» PROBLEM DETAILS
In the records below, repeat exactly the lines between the line holding "Frame of colorful" and the line holding "Photo d'une jolie", inclusive, and drop the pictures.

» EXERCISE DATA
****

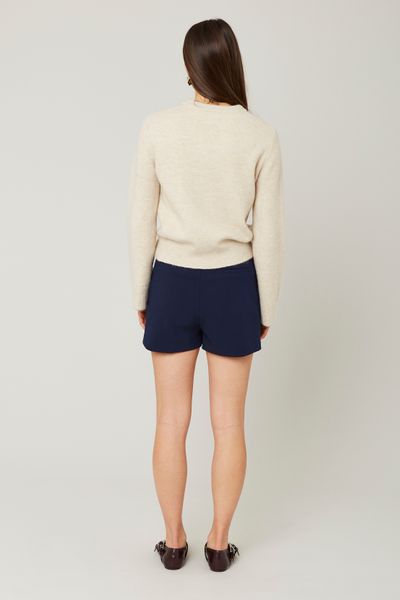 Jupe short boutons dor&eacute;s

****

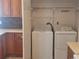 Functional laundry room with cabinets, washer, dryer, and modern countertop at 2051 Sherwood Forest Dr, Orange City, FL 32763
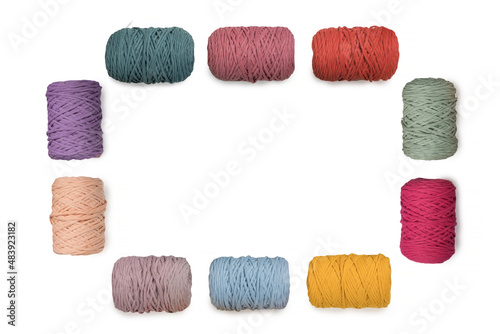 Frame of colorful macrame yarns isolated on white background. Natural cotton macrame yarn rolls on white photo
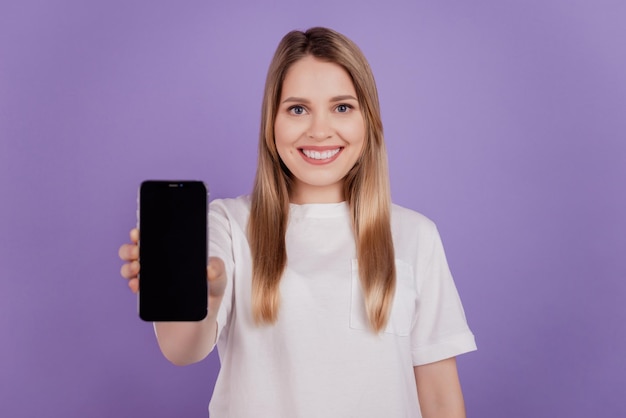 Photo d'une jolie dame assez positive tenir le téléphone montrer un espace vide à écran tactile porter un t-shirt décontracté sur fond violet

****

» EXERCISE ANSWER
 Frame of colorful macrame yarns isolated on white background. Natural cotton macrame yarn rolls on white photo
 Photo d'une jolie dame assez positive tenir le téléphone montrer un espace vide à écran tactile porter un t-shirt décontracté sur fond violet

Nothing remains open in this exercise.